Di era media sosial yang serba visual, aktivitas mendokumentasikan makanan telah menjadi bagian tak terpisahkan dari pengalaman bersantap, namun diperlukan pemahaman mendalam mengenai etika digital yang benar. Banyak kreator konten yang seringkali terlalu fokus pada estetika visual sehingga melupakan kenyamanan orang lain di sekitarnya. Prinsip utama dalam mengambil video di ruang publik, terutama restoran, adalah menjaga privasi tamu agar mereka tetap bisa menikmati suasana makan tanpa merasa terawasi atau terganggu oleh peralatan kamera yang berlebihan.

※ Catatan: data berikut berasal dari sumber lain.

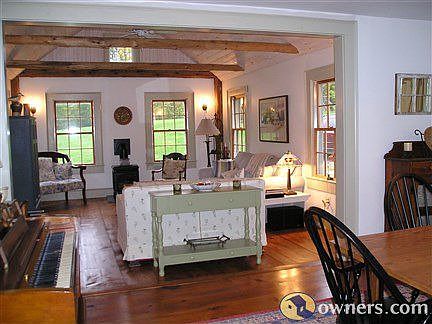 Great Room w/ vaulted ceilings and beams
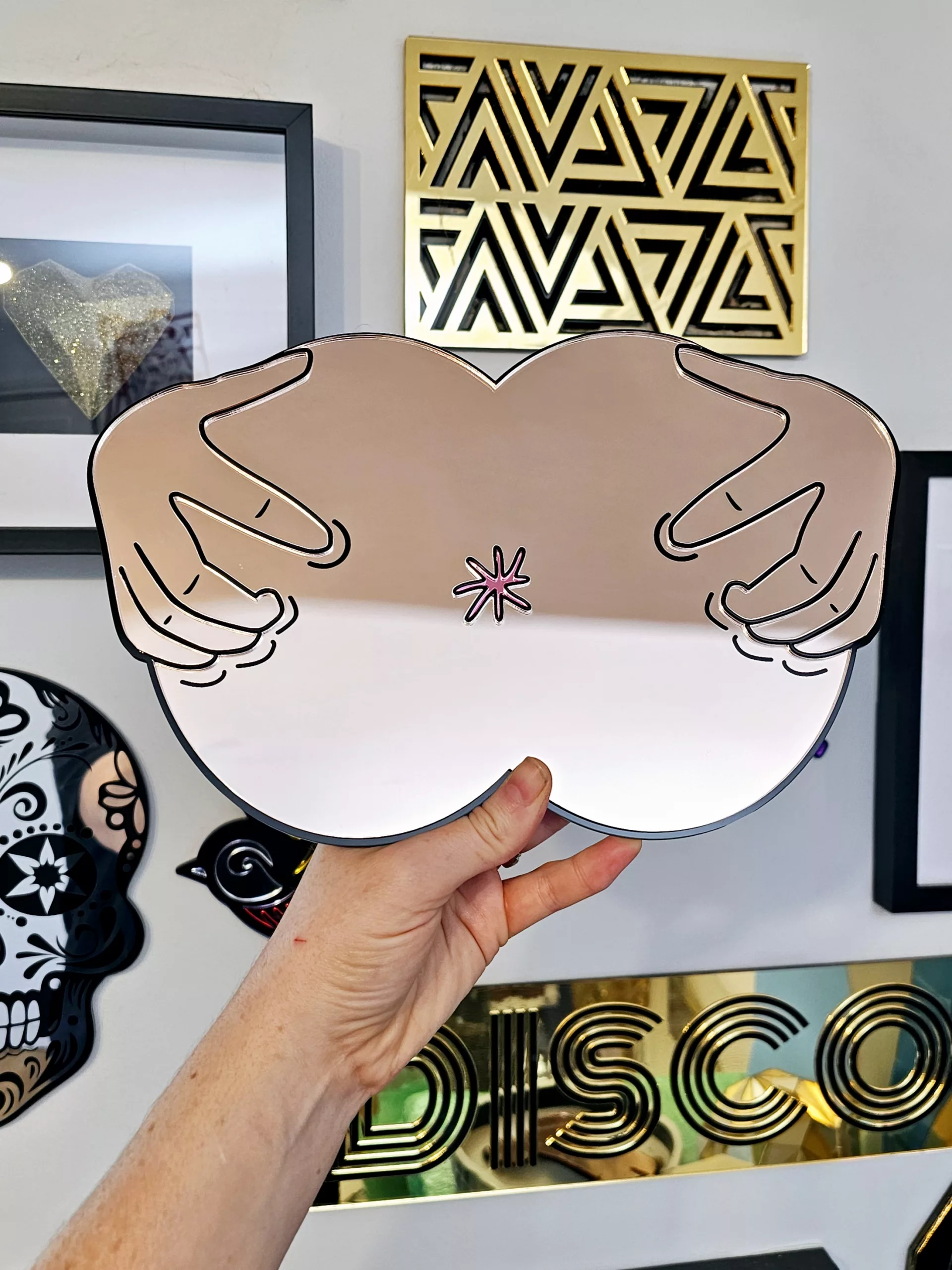 A handmade mirror in the shape of a butthole. The mirror hands pulling the butthole open.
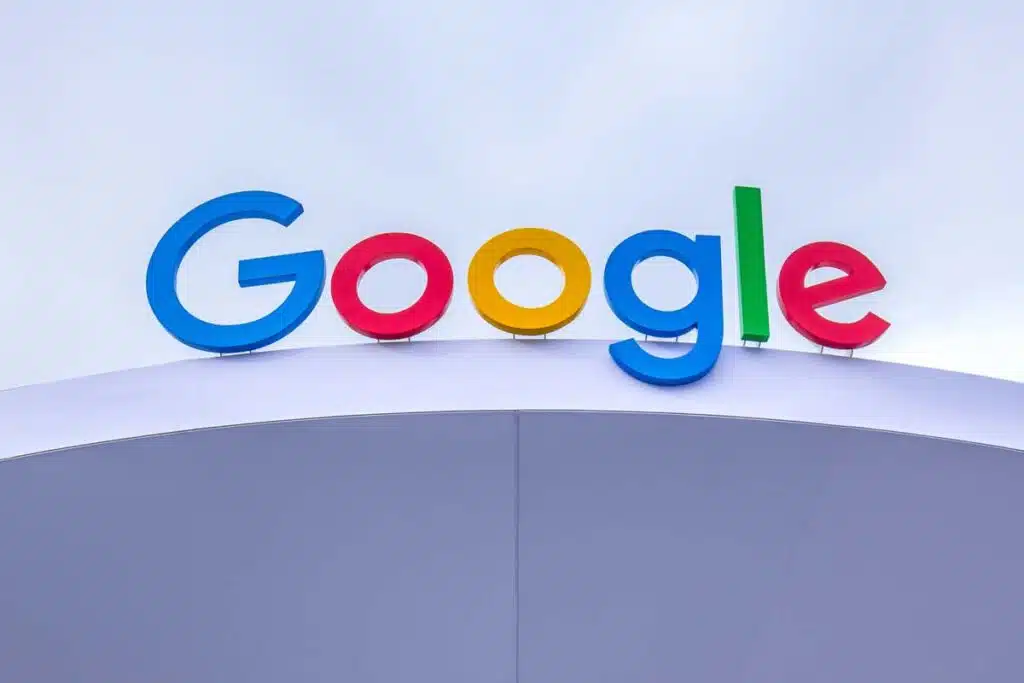 Close up of Google signage atop a building, representing the Google patent infringement settlement.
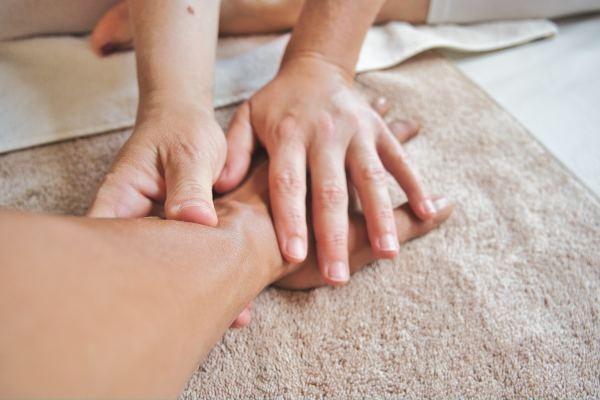 A hand being massaged my Laura at Back To Nature Therapies Bicester
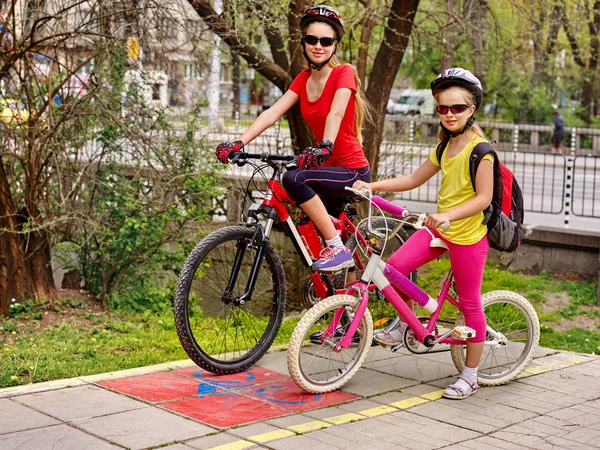 Family bike ride. Family wearing bicycle helmet with rucksack.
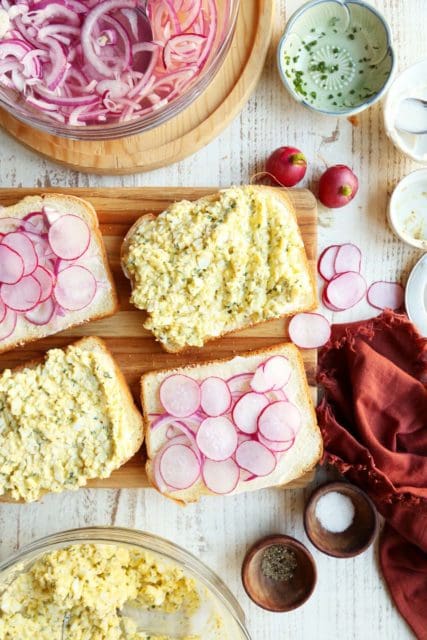 Making egg salad sandwiches.s Two pieces of bread with radishes and onions.
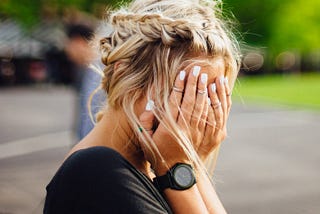 girl with blonde hair in braids around her head holding her hands over her face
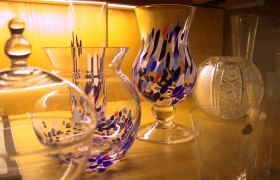 Various colorful glass vases on a wooden shelf.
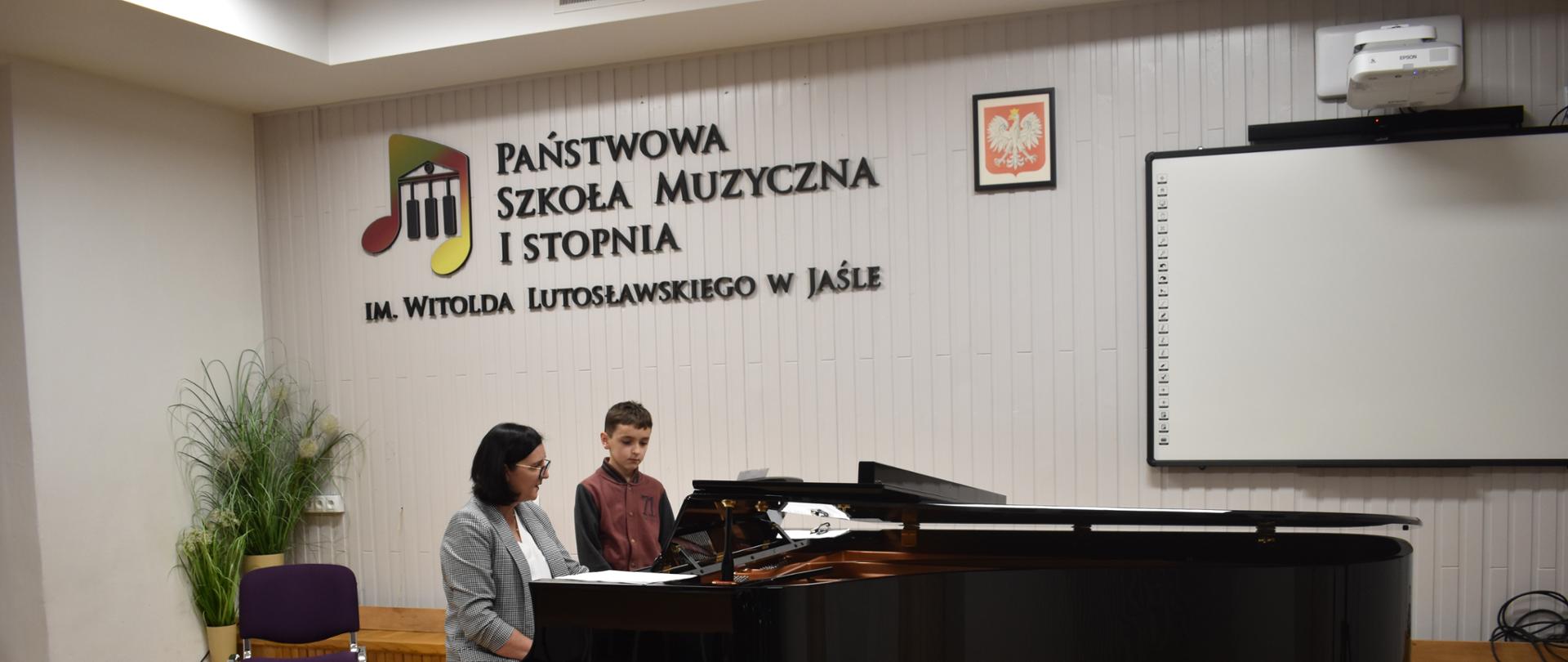 Na zdjęciu widnieje nauczyciel fortepianu mgr Dorota Skibicka, która w auli szkoły instruuje ucznia jak grać na fortepianie. Tło zdjęcia jest białe i jasno brązowe.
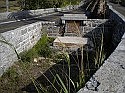 Historic well littered with trash and graffiti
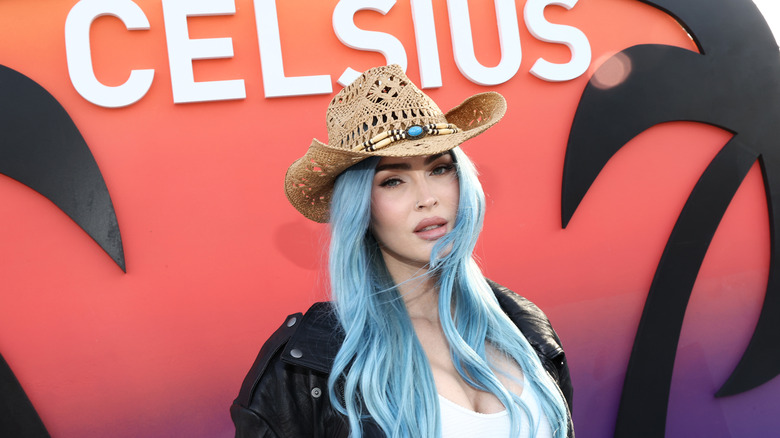 Megan Fox posing with blue hair in a cowboy hat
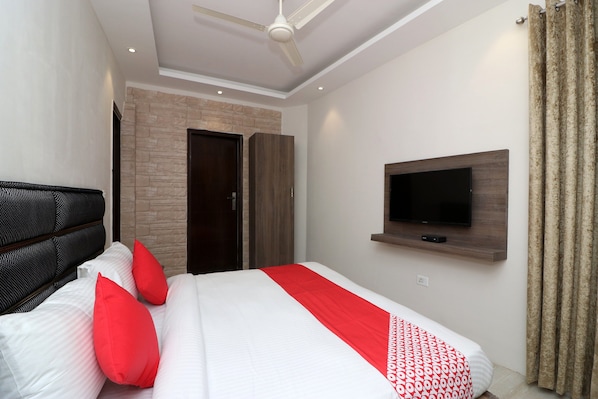 A modern bedroom with a bed, a television mounted on the wall, and a ceiling fan. - Hotel O Madhurapuri (Calicut)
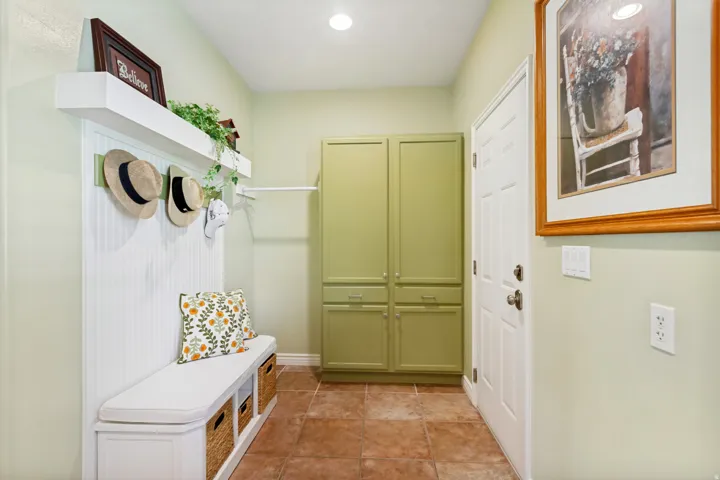 Entryway featuring an integrated bench with storage, beadboard paneling, and an overhead shelf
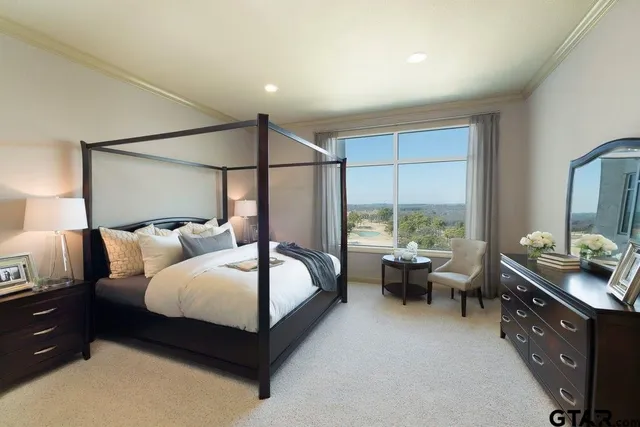 a bedroom with a bed and large window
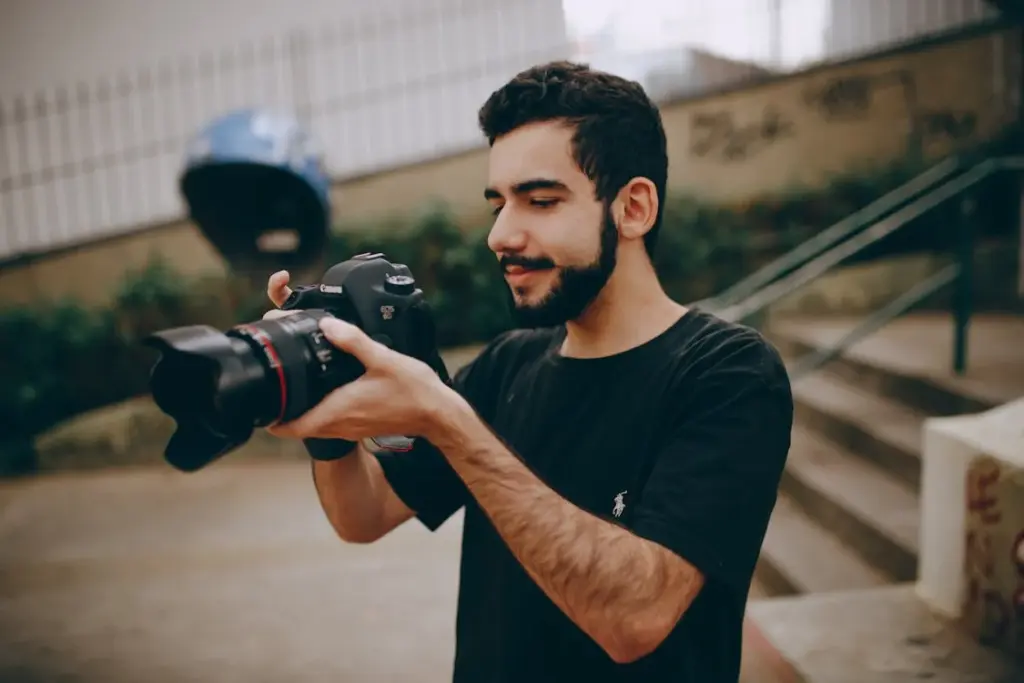 A man with a beard is standing outdoors, holding and examining a DSLR camera while wearing a black t-shirt. Steps and a fence are visible in the background.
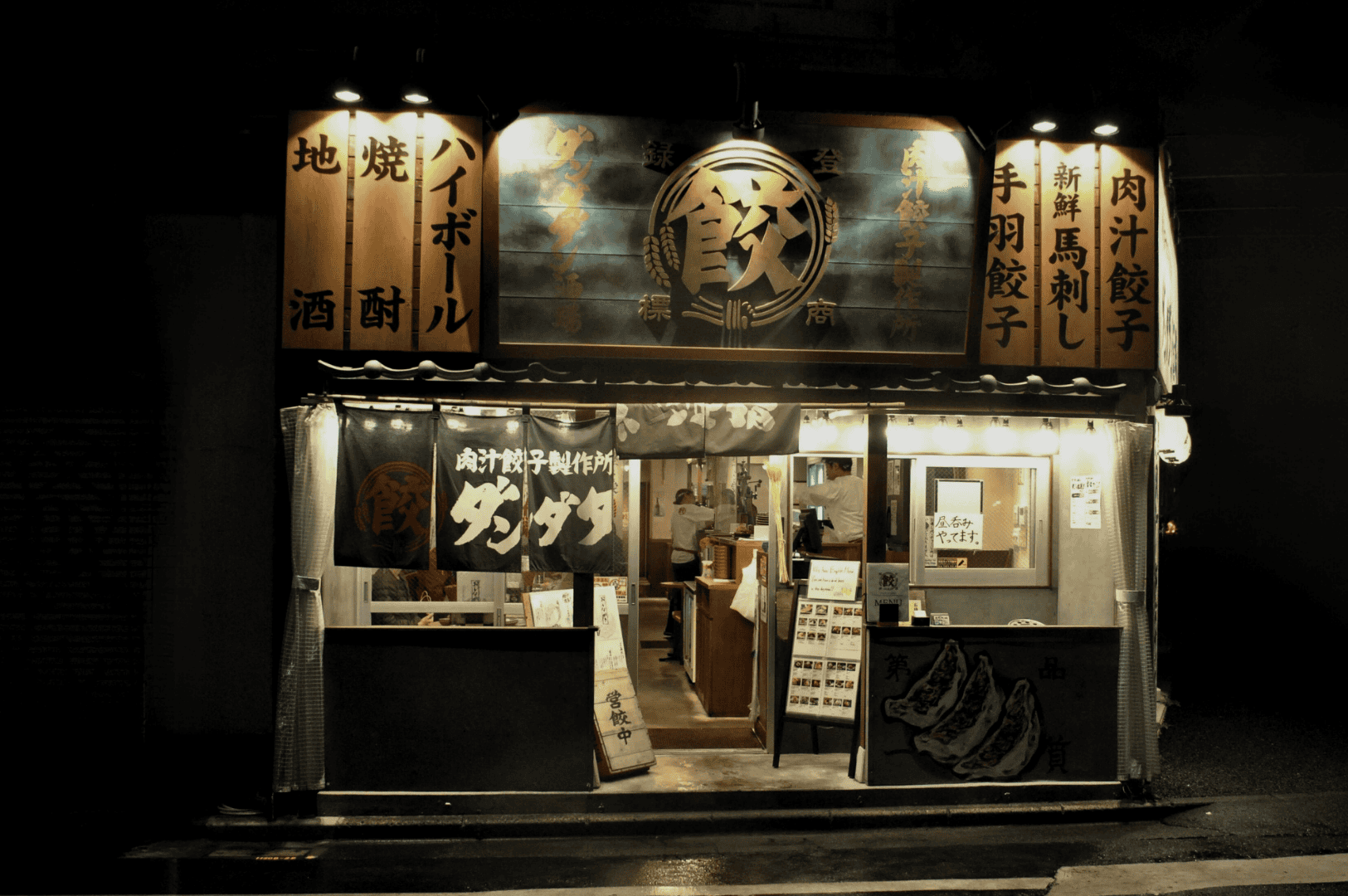 Tokyo-Late-Night-Ramen- (3) Warmly lit gyoza shop glowing against the night, with traditional wooden signage and handwritten menus promising juicy dumplings, grilled sake, and horse sashimi—an intimate glimpse into Tokyo’s late-night food rituals and secret flavors.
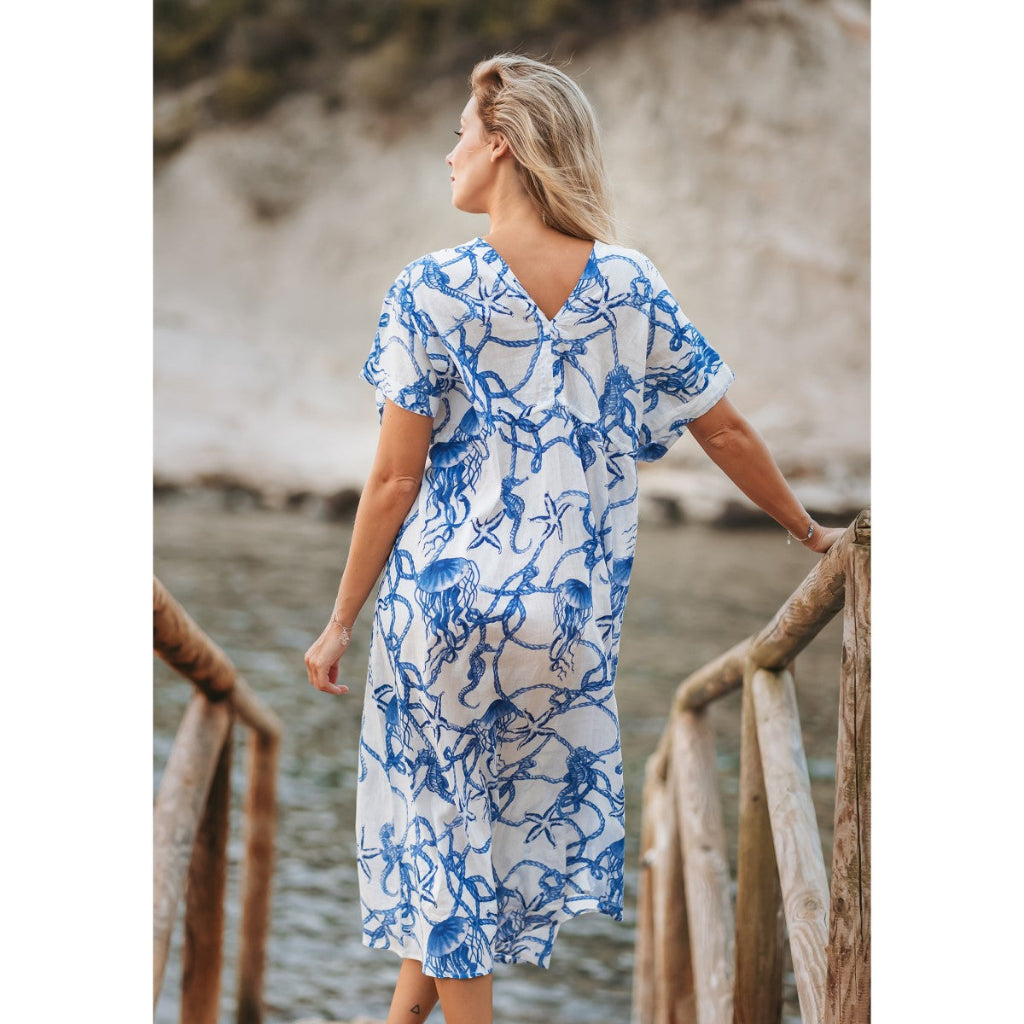Woman wearing a blue and white patterned dress by a body of water.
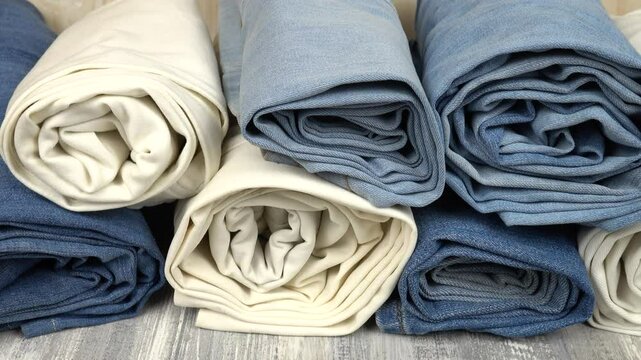 Trendy folded into a roll blue, white and black jeans are stacked on a gray wooden table, background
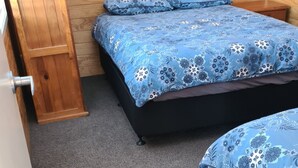 A room with two beds, a wooden wardrobe, and a carpeted floor.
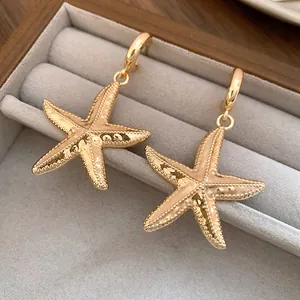 Detailed macro view of golden starfish drop earrings in a grey velvet jewelry box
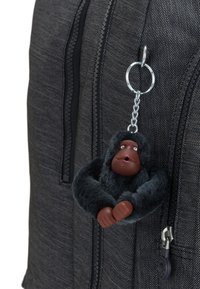 Ullig svart gorillanyckelring fäst vid en mörk tygryggsäck, med en metallklämma och rosa ansiktsdetaljer. Texturerad design är framträdande.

Langkah pertama dalam menjaga etika adalah dengan memilih sudut pandang kamera yang lebih sempit (close-up). Alih-alih merekam seluruh ruangan yang berisiko menampilkan wajah tamu lain secara jelas, fokuslah pada detail hidangan, tekstur makanan, atau interaksi terbatas di meja Anda sendiri. Jika Anda ingin mengambil suasana restoran secara luas, pastikan untuk melakukannya di jam-jam sepi atau meminta izin kepada manajer restoran terlebih dahulu. Menggunakan tripod besar di tengah area lalu lintas pelayan atau tamu sangat tidak disarankan karena dapat menghambat operasional dan merusak suasana intim yang dibangun oleh pihak restoran.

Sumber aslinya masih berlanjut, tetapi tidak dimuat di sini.